Cities are not built on flat, developable circles, but are rather constrained by geography: steep slopes, oceans and wetlands do not permit new housing. Saiz develops a new database of geographically-constrained land within 50 miles of US metro area centers, and shows that increased geographical constraints both increase housing prices and increase the housing supply price elasticity. This effect is not simply a coastal effect: it is evident even within the subset of coastal cities. An immediate question, then, is why anybody lives in constrained locations. In a clever model, Saiz shows that geographically constrained cities which we witness in the data are seen to exist ex-post because of favorable productivity and amenity shocks in the past. The model suggests that, in order to still exist as a city, geographically constrained locations must show higher productivity and higher amenities, and further that there should be no correlation between population and geographical constraint. All three of these are evident in the data.
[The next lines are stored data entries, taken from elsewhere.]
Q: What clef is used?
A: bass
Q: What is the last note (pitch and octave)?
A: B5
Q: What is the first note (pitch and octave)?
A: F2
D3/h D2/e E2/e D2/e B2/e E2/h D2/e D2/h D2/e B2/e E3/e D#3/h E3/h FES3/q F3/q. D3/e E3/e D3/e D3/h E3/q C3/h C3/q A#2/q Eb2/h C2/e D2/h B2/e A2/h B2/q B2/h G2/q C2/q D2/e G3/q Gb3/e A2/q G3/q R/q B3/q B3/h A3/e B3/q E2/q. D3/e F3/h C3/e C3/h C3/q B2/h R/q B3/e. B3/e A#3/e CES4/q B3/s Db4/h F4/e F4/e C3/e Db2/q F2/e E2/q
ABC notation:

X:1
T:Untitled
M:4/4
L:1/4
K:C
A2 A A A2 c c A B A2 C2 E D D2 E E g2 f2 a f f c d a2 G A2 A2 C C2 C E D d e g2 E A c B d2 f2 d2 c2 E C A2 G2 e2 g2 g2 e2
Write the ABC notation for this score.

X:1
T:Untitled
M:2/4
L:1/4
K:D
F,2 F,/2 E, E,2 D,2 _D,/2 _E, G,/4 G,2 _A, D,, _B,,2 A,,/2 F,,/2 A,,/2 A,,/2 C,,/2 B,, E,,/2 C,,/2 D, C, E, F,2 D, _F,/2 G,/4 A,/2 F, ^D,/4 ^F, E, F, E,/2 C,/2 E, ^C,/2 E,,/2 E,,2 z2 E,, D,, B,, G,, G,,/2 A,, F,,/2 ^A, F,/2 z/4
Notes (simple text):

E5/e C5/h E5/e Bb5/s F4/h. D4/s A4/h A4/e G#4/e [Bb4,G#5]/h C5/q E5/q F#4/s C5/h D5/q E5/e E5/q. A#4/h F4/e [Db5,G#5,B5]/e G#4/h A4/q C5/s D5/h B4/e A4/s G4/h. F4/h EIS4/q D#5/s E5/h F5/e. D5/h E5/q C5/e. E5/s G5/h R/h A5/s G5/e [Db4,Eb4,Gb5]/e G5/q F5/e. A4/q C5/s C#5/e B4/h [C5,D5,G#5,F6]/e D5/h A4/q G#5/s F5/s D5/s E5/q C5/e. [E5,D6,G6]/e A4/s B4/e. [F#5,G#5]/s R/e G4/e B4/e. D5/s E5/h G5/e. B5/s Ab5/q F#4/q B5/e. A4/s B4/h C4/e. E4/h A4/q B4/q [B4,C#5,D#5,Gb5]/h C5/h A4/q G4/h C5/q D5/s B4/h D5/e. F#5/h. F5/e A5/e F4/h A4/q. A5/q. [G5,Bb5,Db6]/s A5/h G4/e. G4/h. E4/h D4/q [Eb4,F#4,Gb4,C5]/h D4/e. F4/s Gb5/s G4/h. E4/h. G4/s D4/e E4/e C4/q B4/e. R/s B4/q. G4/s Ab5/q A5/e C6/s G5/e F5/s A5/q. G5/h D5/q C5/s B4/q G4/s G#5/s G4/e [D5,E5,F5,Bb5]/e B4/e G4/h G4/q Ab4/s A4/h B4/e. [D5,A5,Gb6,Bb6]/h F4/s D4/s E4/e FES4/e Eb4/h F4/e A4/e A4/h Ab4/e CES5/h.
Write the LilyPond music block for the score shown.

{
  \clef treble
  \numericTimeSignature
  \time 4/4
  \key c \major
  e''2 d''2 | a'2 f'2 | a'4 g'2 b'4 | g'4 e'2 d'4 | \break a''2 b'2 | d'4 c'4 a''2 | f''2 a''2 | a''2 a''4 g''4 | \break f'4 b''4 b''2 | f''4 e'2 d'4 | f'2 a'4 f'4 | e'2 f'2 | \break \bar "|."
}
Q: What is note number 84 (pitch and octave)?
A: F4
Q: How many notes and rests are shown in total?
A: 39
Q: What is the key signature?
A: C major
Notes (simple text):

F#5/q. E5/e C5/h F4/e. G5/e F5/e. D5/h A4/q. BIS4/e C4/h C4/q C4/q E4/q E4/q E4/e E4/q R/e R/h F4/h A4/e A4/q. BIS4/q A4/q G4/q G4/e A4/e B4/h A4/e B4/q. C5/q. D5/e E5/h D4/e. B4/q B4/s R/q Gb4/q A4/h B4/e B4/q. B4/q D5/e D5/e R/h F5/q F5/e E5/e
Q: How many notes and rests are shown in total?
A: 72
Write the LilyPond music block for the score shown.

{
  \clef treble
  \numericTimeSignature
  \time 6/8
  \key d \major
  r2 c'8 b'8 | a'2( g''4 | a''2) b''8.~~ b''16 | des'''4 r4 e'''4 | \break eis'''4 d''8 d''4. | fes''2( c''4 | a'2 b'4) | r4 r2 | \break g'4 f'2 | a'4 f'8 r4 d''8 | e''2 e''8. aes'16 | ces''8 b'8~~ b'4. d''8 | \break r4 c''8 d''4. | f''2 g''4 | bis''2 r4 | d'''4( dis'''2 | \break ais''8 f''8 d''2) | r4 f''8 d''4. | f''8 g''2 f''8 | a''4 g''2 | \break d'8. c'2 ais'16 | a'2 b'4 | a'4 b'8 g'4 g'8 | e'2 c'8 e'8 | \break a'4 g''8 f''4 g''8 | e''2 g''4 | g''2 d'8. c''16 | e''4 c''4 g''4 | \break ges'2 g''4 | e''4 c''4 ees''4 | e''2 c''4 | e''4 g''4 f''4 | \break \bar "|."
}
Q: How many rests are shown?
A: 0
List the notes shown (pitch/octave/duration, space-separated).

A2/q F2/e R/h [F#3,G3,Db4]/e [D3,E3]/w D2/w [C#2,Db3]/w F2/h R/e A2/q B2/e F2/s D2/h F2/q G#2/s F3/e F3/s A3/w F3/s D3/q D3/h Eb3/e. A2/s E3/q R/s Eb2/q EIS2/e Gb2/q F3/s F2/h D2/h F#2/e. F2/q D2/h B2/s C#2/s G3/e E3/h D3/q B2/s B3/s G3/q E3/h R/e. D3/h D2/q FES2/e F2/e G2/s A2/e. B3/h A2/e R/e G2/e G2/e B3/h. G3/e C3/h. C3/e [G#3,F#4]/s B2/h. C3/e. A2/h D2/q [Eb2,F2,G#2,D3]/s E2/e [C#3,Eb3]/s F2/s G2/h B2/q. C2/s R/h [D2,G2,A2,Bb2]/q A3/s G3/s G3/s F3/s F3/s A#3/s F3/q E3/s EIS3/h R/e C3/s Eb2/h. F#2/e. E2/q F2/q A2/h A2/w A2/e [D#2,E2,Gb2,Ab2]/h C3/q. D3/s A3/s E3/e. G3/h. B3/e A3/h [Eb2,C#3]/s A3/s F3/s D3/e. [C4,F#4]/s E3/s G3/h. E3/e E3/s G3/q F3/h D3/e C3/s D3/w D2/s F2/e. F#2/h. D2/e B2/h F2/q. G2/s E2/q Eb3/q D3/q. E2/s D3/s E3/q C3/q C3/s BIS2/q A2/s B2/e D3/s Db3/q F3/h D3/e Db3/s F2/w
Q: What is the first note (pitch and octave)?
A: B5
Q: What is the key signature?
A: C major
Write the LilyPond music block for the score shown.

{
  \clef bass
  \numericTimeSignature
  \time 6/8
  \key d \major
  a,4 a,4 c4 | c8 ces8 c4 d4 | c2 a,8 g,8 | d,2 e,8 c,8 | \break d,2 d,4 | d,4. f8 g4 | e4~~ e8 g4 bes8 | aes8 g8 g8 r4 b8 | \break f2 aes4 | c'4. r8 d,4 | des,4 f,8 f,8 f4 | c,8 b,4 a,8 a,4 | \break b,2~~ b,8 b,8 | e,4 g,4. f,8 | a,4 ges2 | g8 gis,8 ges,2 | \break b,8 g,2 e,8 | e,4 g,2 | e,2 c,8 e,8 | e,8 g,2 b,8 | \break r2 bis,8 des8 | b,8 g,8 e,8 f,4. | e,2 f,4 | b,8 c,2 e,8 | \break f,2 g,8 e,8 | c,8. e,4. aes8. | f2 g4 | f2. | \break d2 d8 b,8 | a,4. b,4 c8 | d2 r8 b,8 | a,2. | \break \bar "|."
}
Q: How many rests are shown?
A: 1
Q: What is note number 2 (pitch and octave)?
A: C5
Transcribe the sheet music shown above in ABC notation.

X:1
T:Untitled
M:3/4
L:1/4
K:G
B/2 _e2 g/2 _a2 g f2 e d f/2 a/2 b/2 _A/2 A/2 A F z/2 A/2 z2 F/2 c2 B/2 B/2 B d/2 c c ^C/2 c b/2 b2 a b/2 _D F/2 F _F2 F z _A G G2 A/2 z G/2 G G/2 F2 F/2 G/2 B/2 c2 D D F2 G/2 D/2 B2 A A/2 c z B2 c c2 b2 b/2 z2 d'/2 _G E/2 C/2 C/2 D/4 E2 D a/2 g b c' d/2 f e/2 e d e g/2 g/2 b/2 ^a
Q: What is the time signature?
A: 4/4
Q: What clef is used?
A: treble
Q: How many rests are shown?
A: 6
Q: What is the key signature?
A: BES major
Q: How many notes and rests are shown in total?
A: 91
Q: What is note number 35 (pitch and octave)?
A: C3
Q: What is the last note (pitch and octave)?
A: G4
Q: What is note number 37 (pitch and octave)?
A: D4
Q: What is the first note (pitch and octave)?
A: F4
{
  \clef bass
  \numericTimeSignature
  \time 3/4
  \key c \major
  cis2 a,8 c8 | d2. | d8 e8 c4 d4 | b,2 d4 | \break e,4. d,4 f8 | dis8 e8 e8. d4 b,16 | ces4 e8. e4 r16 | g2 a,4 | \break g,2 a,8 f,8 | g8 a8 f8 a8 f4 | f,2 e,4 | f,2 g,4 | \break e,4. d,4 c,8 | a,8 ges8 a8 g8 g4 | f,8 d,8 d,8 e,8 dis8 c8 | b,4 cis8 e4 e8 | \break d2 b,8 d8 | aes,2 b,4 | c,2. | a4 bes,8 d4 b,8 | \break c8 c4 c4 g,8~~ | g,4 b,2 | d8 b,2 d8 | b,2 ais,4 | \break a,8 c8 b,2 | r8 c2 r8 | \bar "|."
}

Further, Saiz confirms the “homevoter hypothesis”, whereby stricter land use regulations are endogenous to higher home prices – in this way, restrictive geography increases home prices directly by constraining supply, and indirectly by increasing land use regulation.
I certainly would like to see the data.
My priors would be closer to a demand model, or at least attempt to incorporate the effect of demand on price (can’t Saiz give a little room, literally, figuratively?)
I don’t get why there should be poor pop/constraint correlation?
Maybe it’ll be clearer when I read the paper.